Your instructions
Transcribe the entries that follow, every word as written, and drop the pictures.
----
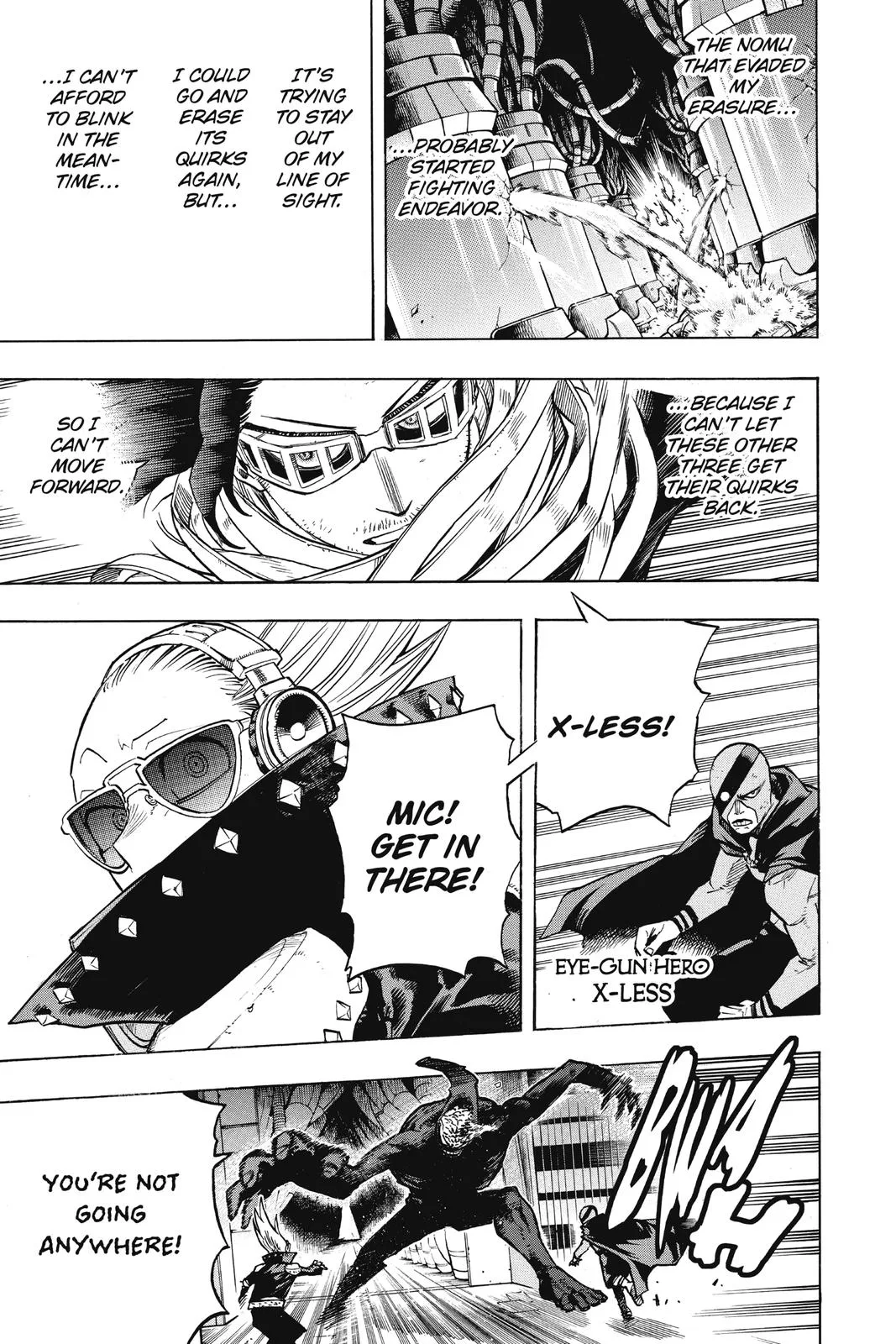 My Hero Academia - Chapter 269 - Page 5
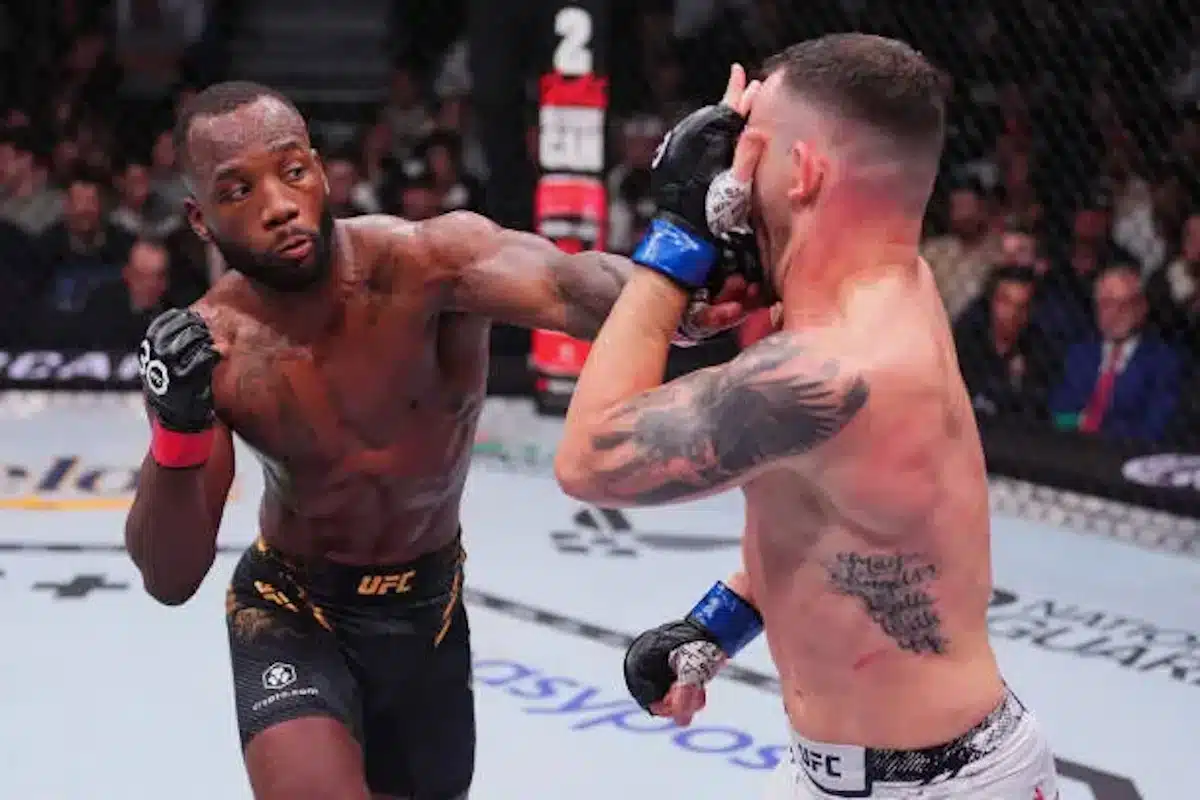 Leon Edwards Gets a Decision Victory of Colby Covington at UFC 296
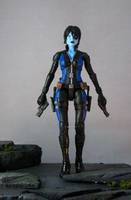 Domino (Marvel Legends) Custom Action Figure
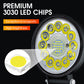 ✨4-tums 99W LED-pod för terrängåkning💡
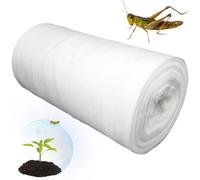 CAKEEYUM Filet de Jardin 10x33FT Filet à Mailles Fines de Jardin découpable pour légumes Plantes Fruits Fleurs Cultures Serre, Insectes pour, Oiseau, Maille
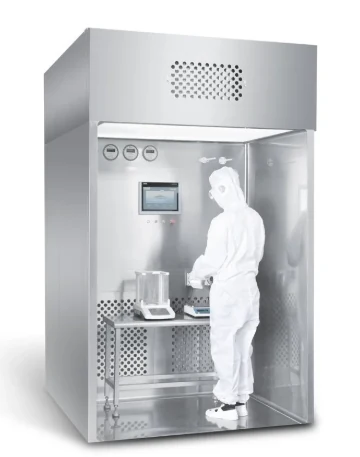 Dispensing and Sampling Booths
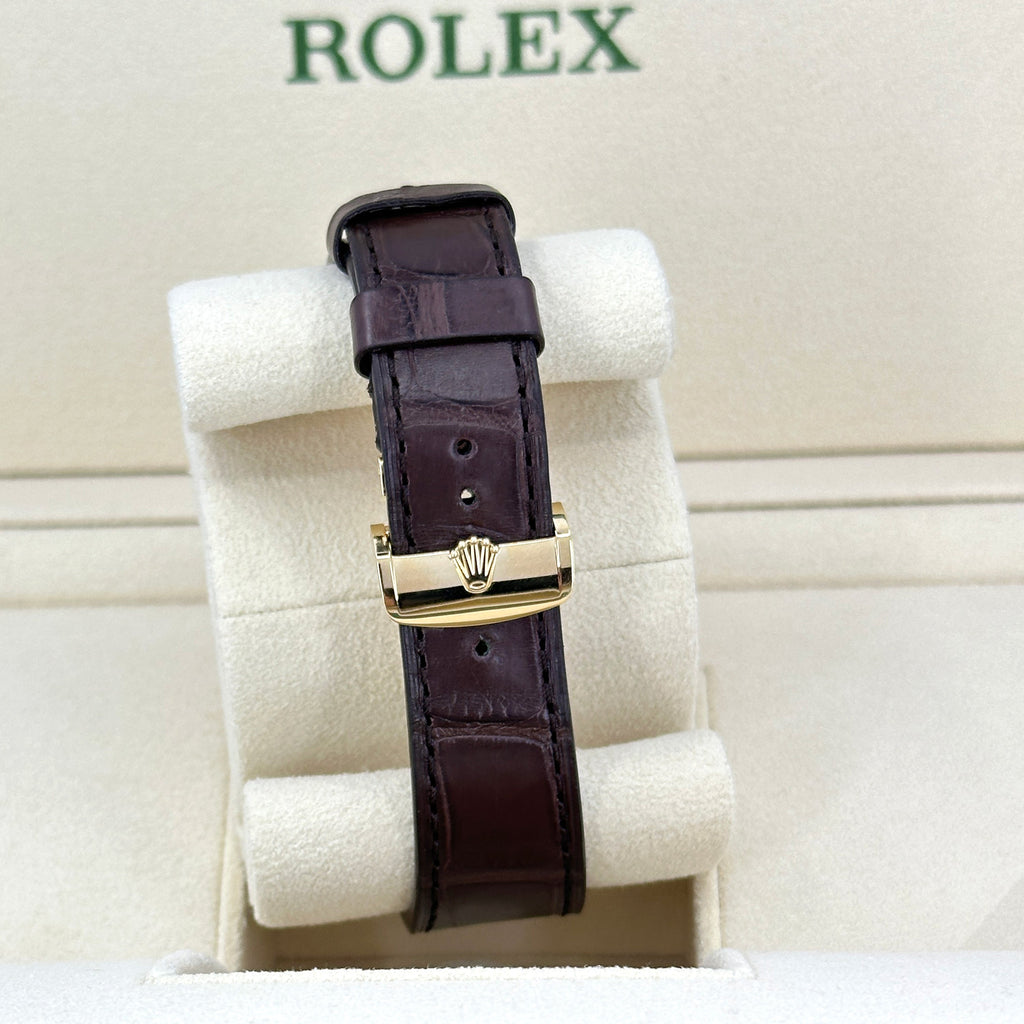 Perpetual 1908, 39mm, 18k Yellow Gold, Ref# 52508-0006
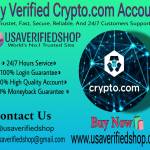 Buy verified crypto.com accounts. Profile Picture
----
Solution to this exercise
 My Hero Academia - Chapter 269 - Page 5
 Leon Edwards Gets a Decision Victory of Colby Covington at UFC 296
 Domino (Marvel Legends) Custom Action Figure
 ✨4-tums 99W LED-pod för terrängåkning💡
 CAKEEYUM Filet de Jardin 10x33FT Filet à Mailles Fines de Jardin découpable pour légumes Plantes Fruits Fleurs Cultures Serre, Insectes pour, Oiseau, Maille
 Dispensing and Sampling Booths
 Perpetual 1908, 39mm, 18k Yellow Gold, Ref# 52508-0006
 Buy verified crypto.com accounts. Profile Picture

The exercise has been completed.